Poking this PR for the above issues to be solved, as it pretty positively received overall. If you do not have time to develop it further, do say, and someone could take it from here.
Sure, I'll shortly get back to it.
I had to care about my health during the past weeks and had no energy to put on Godot dev for a while; nearly recovered now.
Rebased and code style changes are in - I believe this should be good to merge @KoBeWi @akien-mga
You didn't address all my comments though.
https://github.com/godotengine/godot/pull/89265#issuecomment-2004233077 is still relevant. Also https://github.com/godotengine/godot/pull/89265#discussion_r1528803125
Seems like this breaks EditorSpinSliders. Integer properties no longer show arrows (e.g. frame_coords in Sprite2D):
Correct:
Oops, thanks for pointing out the problem in EditorSpinSliders. Need fix before merge.
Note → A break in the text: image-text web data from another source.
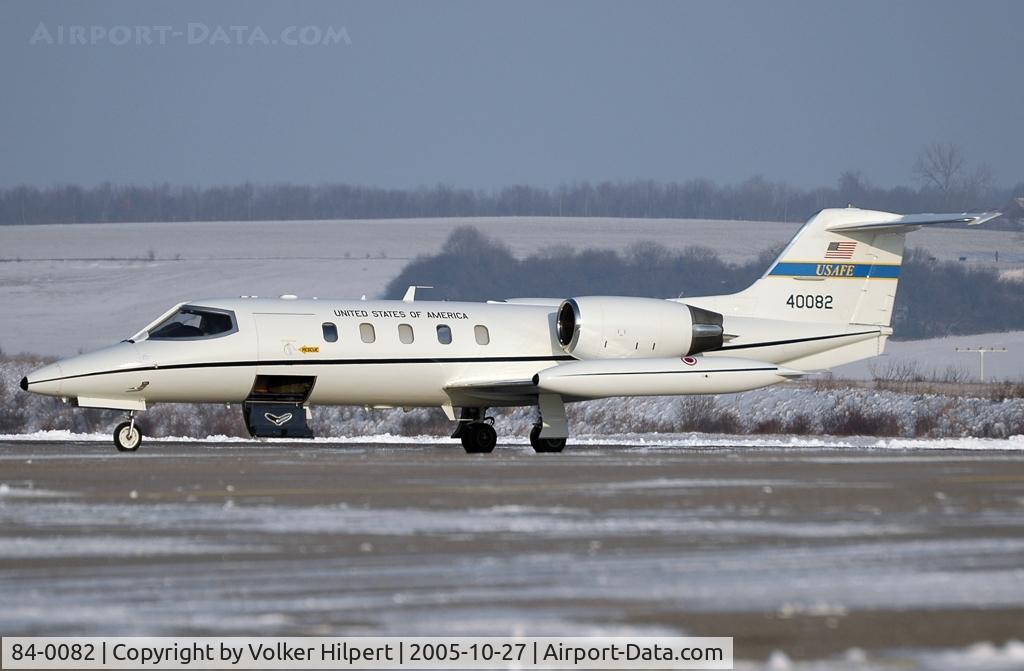 84-0082, 1984 Gates Learjet C-21A C/N 35A-528, Gates C-21A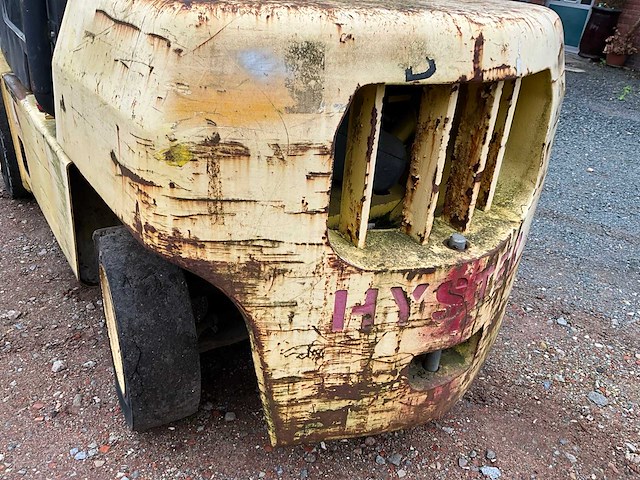 Hyster h4.00xl vorkheftruck - 4ton - werkend - afbeelding 3 van  21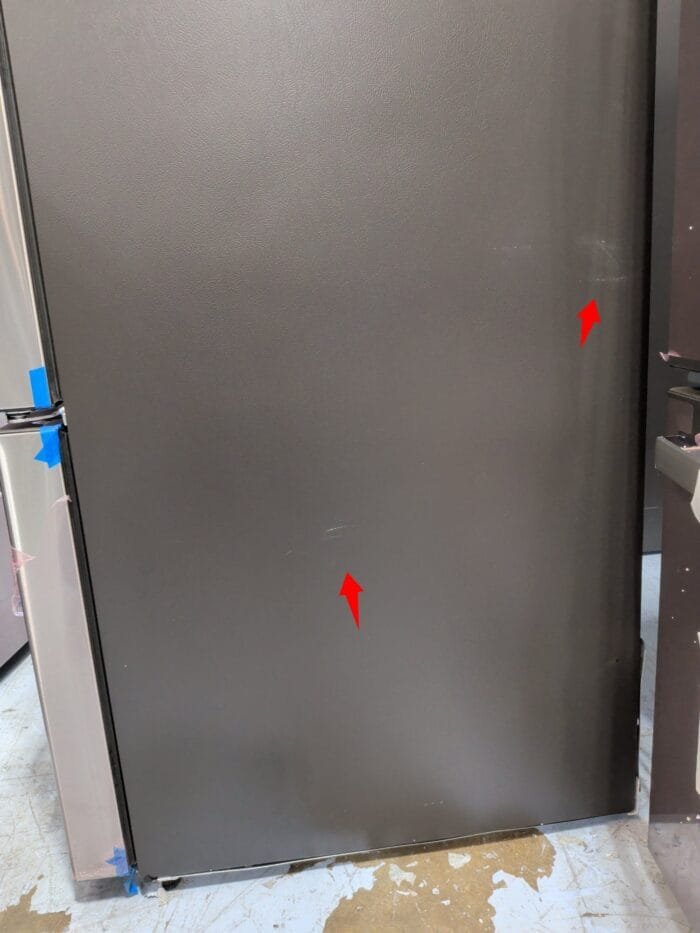 GE GNE27JYMFS 27.0 Cu. Ft. Fingerprint Resistant French-Door Refrigerator - Image 6
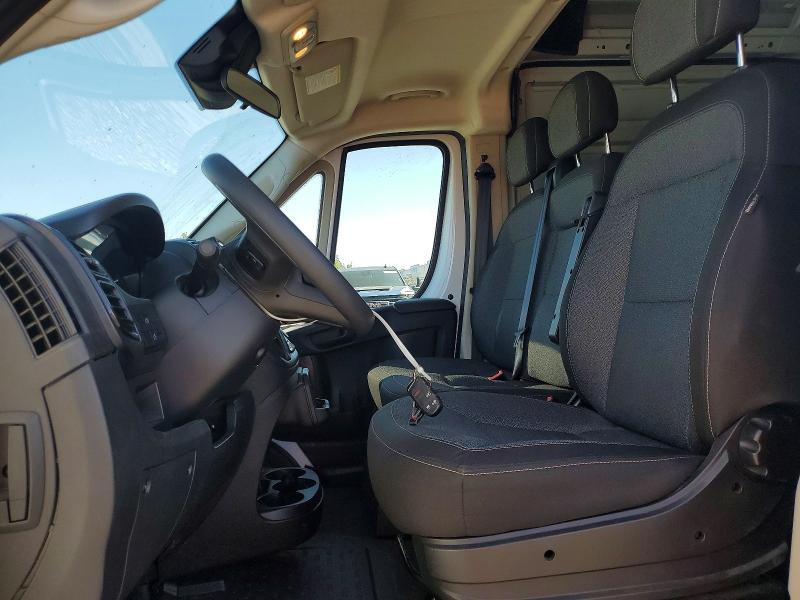 2022 Ram Promaster 2500 მანქანა იყიდება აუქციონზე, vin: 3C6LRVDGXNE135581, აუქციონის ნომერი: 51261376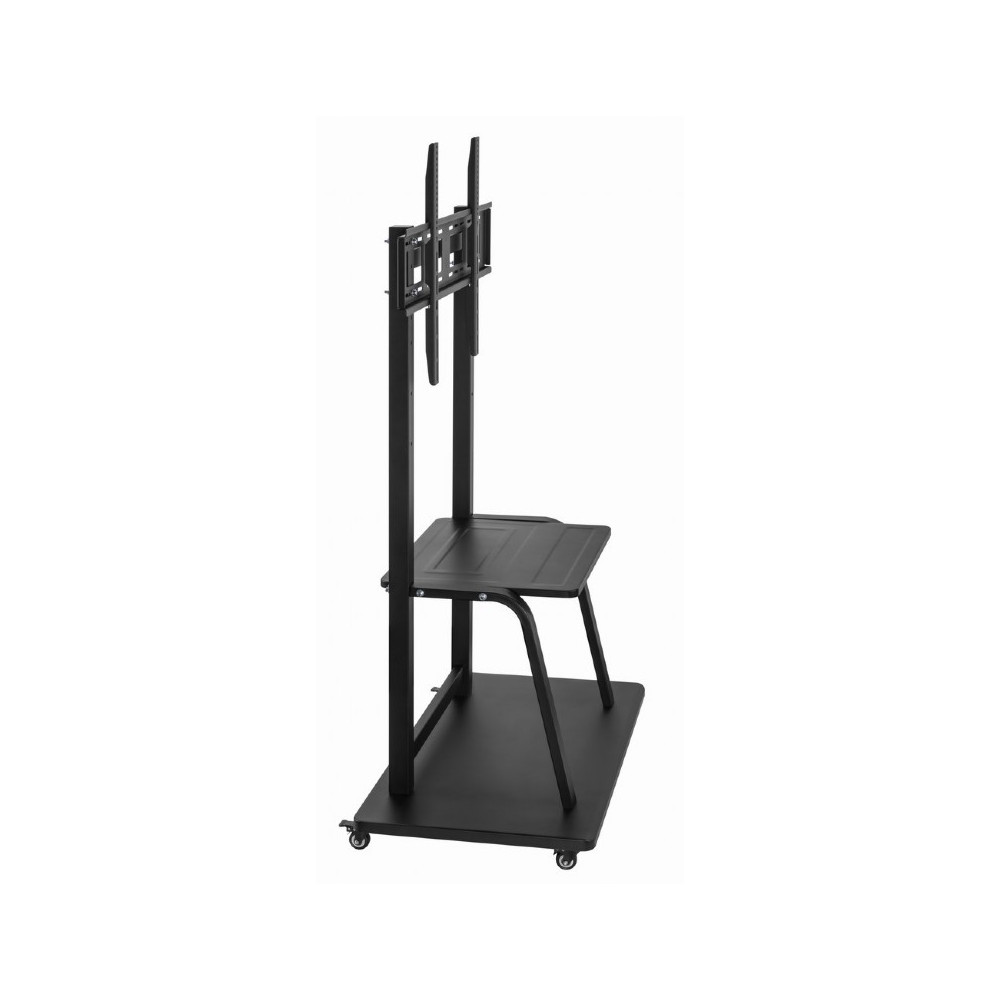 Support TV au sol avec roulettes 37" - 100" / Noir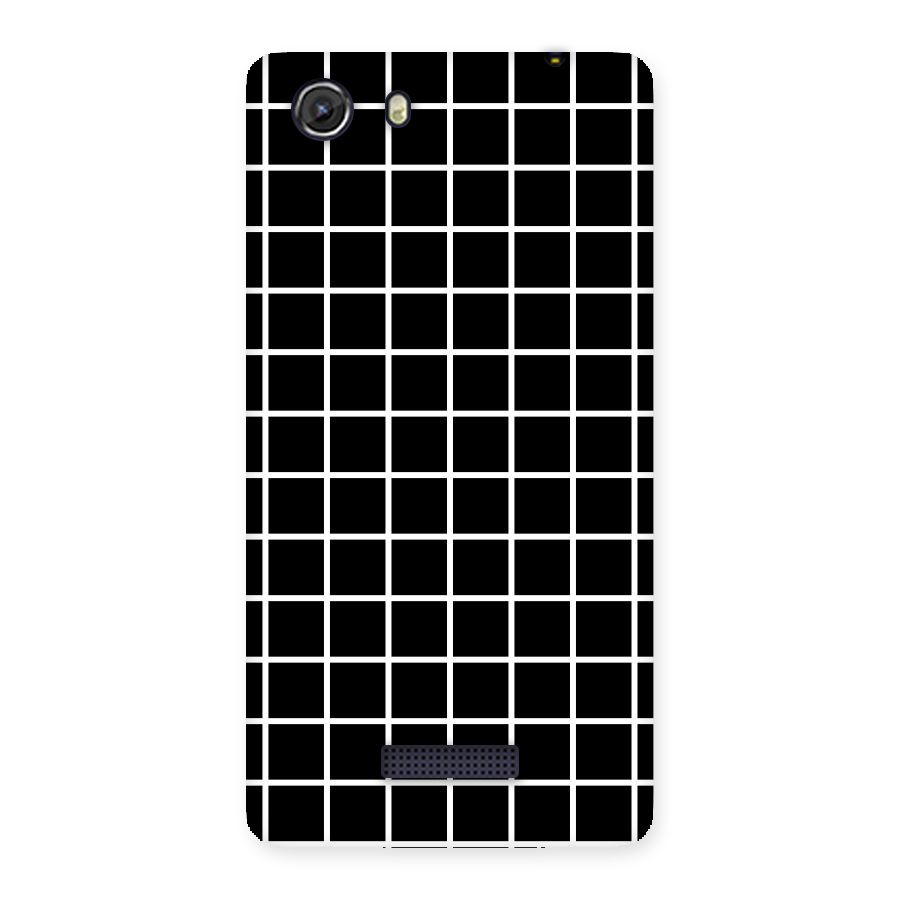 Square Puzzle Back Case for Micromax Unite 3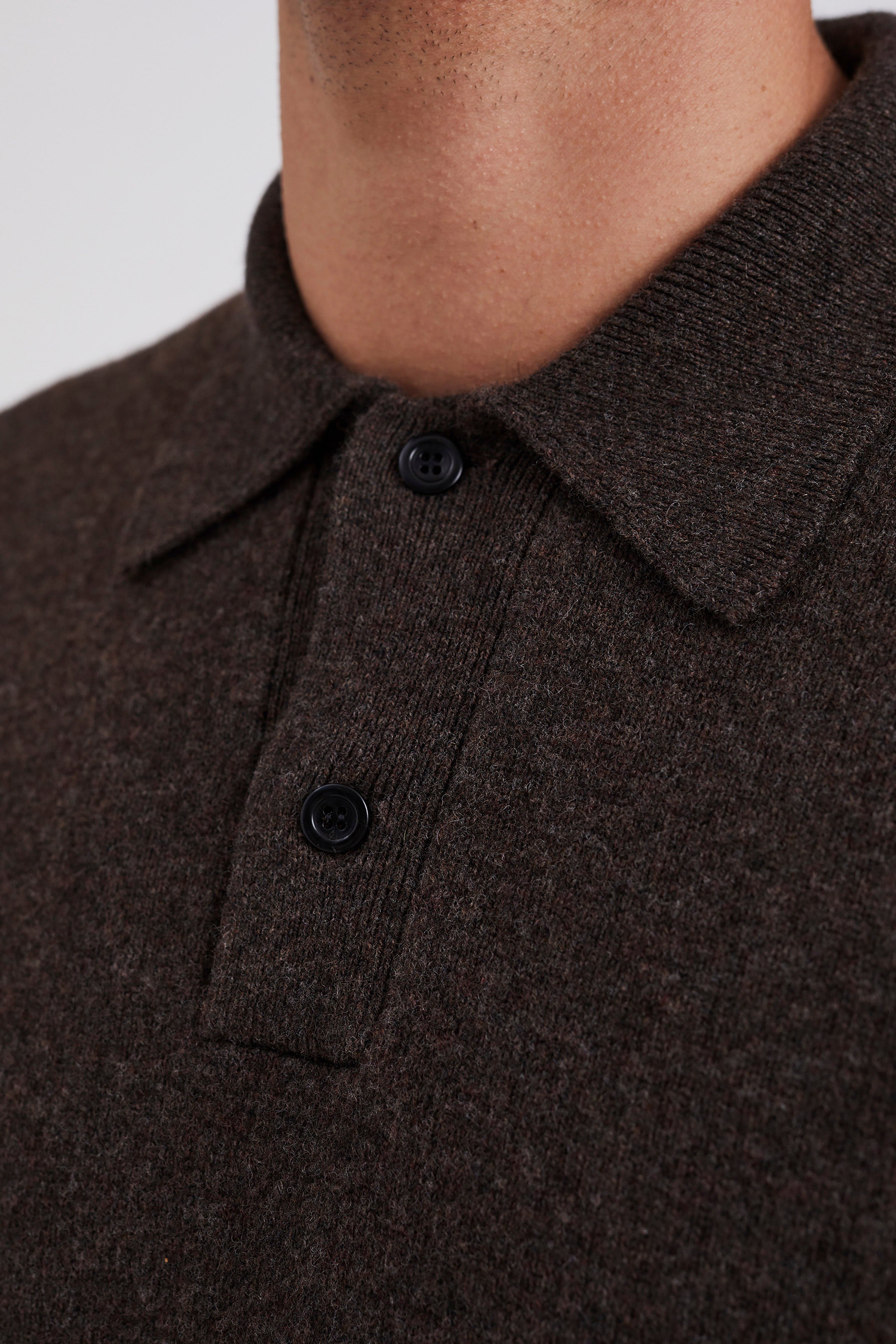 Norse Standard Merino Lambswool Polo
For the other comments, I already checked and:
Both arrows are greyed out when min and max are the same when running the project; works correctly. But I did not notice that the issue was when the control is rendered in edit mode. I have not worked with edit-time-specifics yet.
The presence of the "enlarge with icon size" option is explained above as well. To sum it up, here we have 3 cases:
- Fixed size when size is a fixed number, independent of the image width
- Size adjusted to image width when size is -1
- Whichever is greater between the two, similar as if you put a min-width in CSS (when the said option is enabled and size is a fixed number)
I have put a greater minimum button width than the icon itself in the editor & default themes to improve usability. For this purpose, I could have gone with the fixed size option. But this is going to break all projects in which the icon is set to a bigger one. This is why I added the third case.
We can remove the "enlarge with icon size" option, but we have to agree with having this possible project-breaking situation in this case.
I have put a greater minimum button width than the icon itself in the editor & default themes to improve usability.
Ah, I guess that justifies it.
Though it means this property exists only for the sake of compatibility. It should be somehow marked as such (e.g. with a comment, or #ifndef DISABLE_DEPRECATED). I think you can implement the alternate negative behavior anyway, so if the property is removed in the future, the functionality is preserved.
But I did not notice that the issue was when the control is rendered in edit mode. I have not worked with edit-time-specifics yet.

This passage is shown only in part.